Особенность «русского Левиафана» состоит в том, что воровство чаще всего карается более мягко и страх населения в этой сфере не слишком велик. С формальной точки зрения воровство, безусловно, приравнивается к преступлению, однако прямым вызовом государству не является. В этом отличие русской государственности от западноевропейской — германской или английской, где экономические преступления рассматриваются как покушение на самую суть государства и «Левиафан» отвечает на этот вызов жесткими репрессиями. Страх перед воровством у западных граждан значительно больше, чем у русских. И все же выше определенного предела воровство начинает представлять собой серьезную угрозу государству, поскольку демобилизует созидательное начало и уводит из-под жесткого централистского контроля важнейшие материальные ресурсы. Воры крадут у «Левиафана» его жиры.
Но здесь речь идет о тех формах кражи, которые осуществляются отдельными гражданами, не инкорпорированными в государственно-чиновничью систему, и стремящимися поживиться как за ее счет, так и за счет отдельных частных граждан, наживающих свое благосостояние честным трудом.
Вместе с тем «русский Левиафан», и в этом его национальная специфика, часто выступает сам как субъект воровства, как своего рода воровская инстанция, энтропическая призма, стоящая между трудящимися и высшей властью и выводящая из циркуляции материальные ресурсы куда-то в сторону. Воровство как форма осуществления бюрократических функций не характерная черта «Левиафана». Скорее, это феномен, схожий с переплетением личной власти и власти как механической функции на высшем уровне.
Чиновник в своем лице сочетает как абстрактный левиафанический принцип — воплощение безличностной механический инстанции, так и конкретного человека, с его эгоистическими интересами, лукавством и жадностью.
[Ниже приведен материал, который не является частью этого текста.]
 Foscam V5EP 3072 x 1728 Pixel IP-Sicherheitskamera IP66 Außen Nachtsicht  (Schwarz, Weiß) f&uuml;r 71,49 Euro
Будучи санкционированным «Левиафаном», русский чиновник уклоняется от того, чтобы обезличенно служить обезличенной системе, и воровство становится излюбленной формой умеренной оппозиции, проявлением своего рода маленького робкого мздоимческого бунта против деперсонализированной машины государства. Взяточничество, коррупция и воровство чиновников — это форма саботажа эффективной деятельности государства. А потому вовсе не такое уж простое явление.
Русский чиновник-вор — типаж национальный и, как всё русское, двусмысленный, со своей особенной ироничной экзистенциальной стратегией. Жест персонального воровства демонстрирует: я нарочно смешиваю понятия абстрактного государственного механизма и конкретных личных эгоистических интересов, тем самым отчасти «гуманизирую» холод чудовища «Левиафана», делаю его ближе к людям, поскольку через меня проявляются пусть низменные, но вполне человеческие черты, а не отчужденная фатальность карательной машины. Так русская коррупция показывает своего рода переход конкретного чиновника-взяточника с позиции субъекта страха, иными словами, того, кто этот страх внушает, на позицию объекта запугивания — того, кто этот страх испытывает (вместе с простыми людьми).